In 2012, New Yorker writer Judith Thurman wrote an impassioned plea for the American education system to continue teaching cursive handwriting in order to preserve the art of penmanship.

It wasn’t the first of its kind.

In 1935, TIME featured a story in which pencil salesman claimed typewriters and the romanticising of bad handwriting as a mark of greatness for the ill health of the craft. Another came in 1947, then five years later, when parents in Brookline, Massachusetts struck a revolt when the school system planned to ditch cursive to teach manuscript printing, which a local magazine called “a system that bears a striking similarity to the crude hieroglyphics of the ancient Phoenicians”.

Is there cause for such hysteria? In a time when nobody is ever far away from a digital device on which to type their thoughts, is an understanding of cursive useful for anything more than reading birthday cards from the grandparents?

Perhaps the question should be broadened: is there any benefit to writing by hand instead of a keyboard?

According to metacognitive science, the answer is yes.

A study performed by researchers Pam Mueller and Daniel Oppenheimer sought to determine student ability to retain and demonstrate knowledge based on whether they took notes via hand or laptop.

Over three experiments, they showed that while laptop users wrote around 30% more notes, they were unable to articulate an understanding of the content.

This was especially notable when laptop users were asked conceptual (compare and contrast) questions that required them to put facts into context.

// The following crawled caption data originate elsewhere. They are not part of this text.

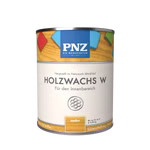 PNZ Holzwachs W für Innen | lösemitttelfreier Wachsanstrich | Nachhaltig hergestellt mit regionalen Rohstoffen | für alle Hölzer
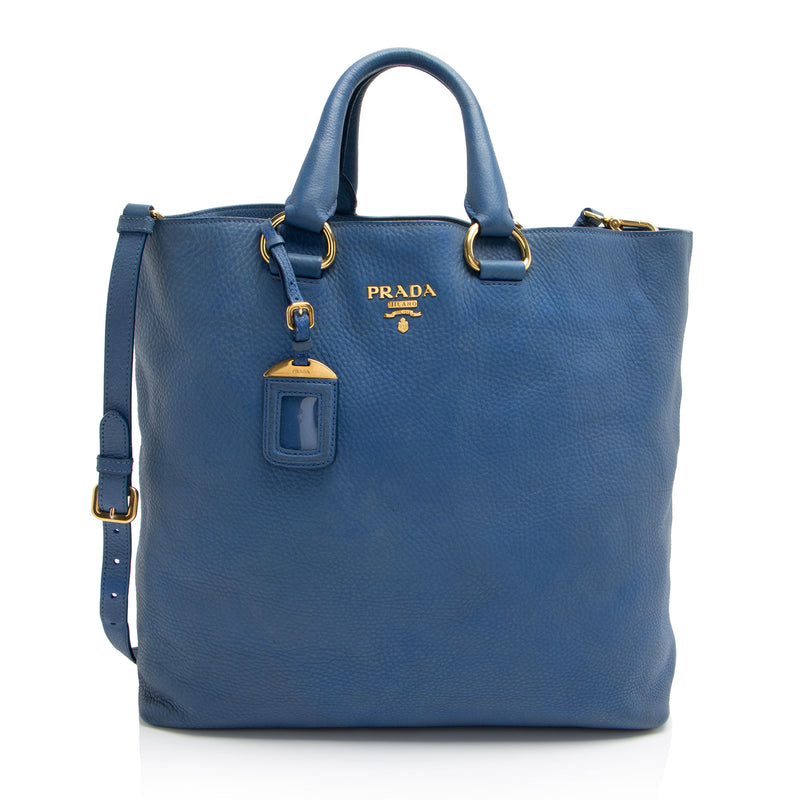 Prada Vitello Phenix N/S Tote (SHF-E6DOd1)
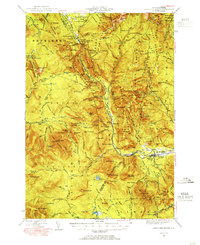 Crawford Notch 1946 topographic map thumbnail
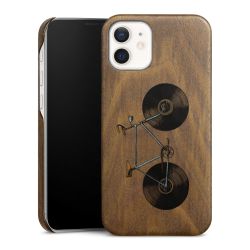 Wooden Slim Case walnut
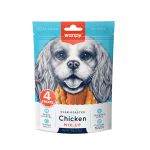 Wanpy Chicken Mix Up – премиум лакомства за кучета с пилешко месо, микс от 4 вкуса, 150 г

The reason? Laptop users were taking notes verbatim. Meanwhile, pen and paper notetakers were considering what they were writing as they were writing it, and reframing it in such a way that helped them better comprehend the content.

When the students were given a week to revise their notes before taking a test on the content, it was once again handwritten notes that proved the most beneficial.

In fact, laptop users who took the test immediately after taking notes performed better than those given an opportunity to study. The latter, having returned to their notes, struggled to find context in them, so while they proved better at recalling facts than pen and paper users who hadn’t studied, they performed significantly worse on every other question.

Also of note: though most worshipers of penmanship might scoff at the notion, doodling also can prove useful when it comes to memorisation. Though generally perceived as a distraction, it has actually been shown to improve concentration and recall up to 29%.

While the findings prove it’s worth carrying a notepad around, they don’t mean you should rely on it all the time.

Falling sick in the summer of 1797, poet Samuel Taylor Coleridge retired to Ash Farm while on his way to Lynton, in England’s south-west.

There, in an opium-induced daze, he found himself inspired to write a poem about Xanadu, the palace of Mongolian ruler Kublai Khan. Half asleep, he penned the poem as fast as he could, so clear were the visions that he would set to paper.

Then came a knock at the door. A visitor was calling to him.

By the time he returned to the page, his vision had faded. The poem was never finished.

Then all the charm
Is broken—all that phantom-world so fair
Vanishes, and a thousand circlets spread,
And each mis-shape the other. Stay awhile,
Poor youth! who scarcely dar’st lift up thine eyes—
The stream will soon renew its smoothness, soon
The visions will return! And lo! he stays,
And soon the fragments dim of lovely forms
Come trembling back, unite, and now once more
The pool becomes a mirror.

– Coleridge, in the preface to Kubla Khan.

The average human hand, using a pen, can write approximately 13 words per minute. Using a keyboard, that rises to 41.

At 24 words per minute, the fingers are able to keep up with the brain. At 24 words per minute, Coleridge may have been able to complete Kubla Khan before he was called away on business.

The transcription fluency that typing allows is one of the greatest tools available to aid creative writers, whether they be a seasoned poet or a student writing an exam, and should not be ignored by those who revere pen and paper.

In short:

Receiving information? Write it in a notebook.
Creating information? Type it on a keyboard.

Balancing both is crucial to unlocking the innate power of the written word.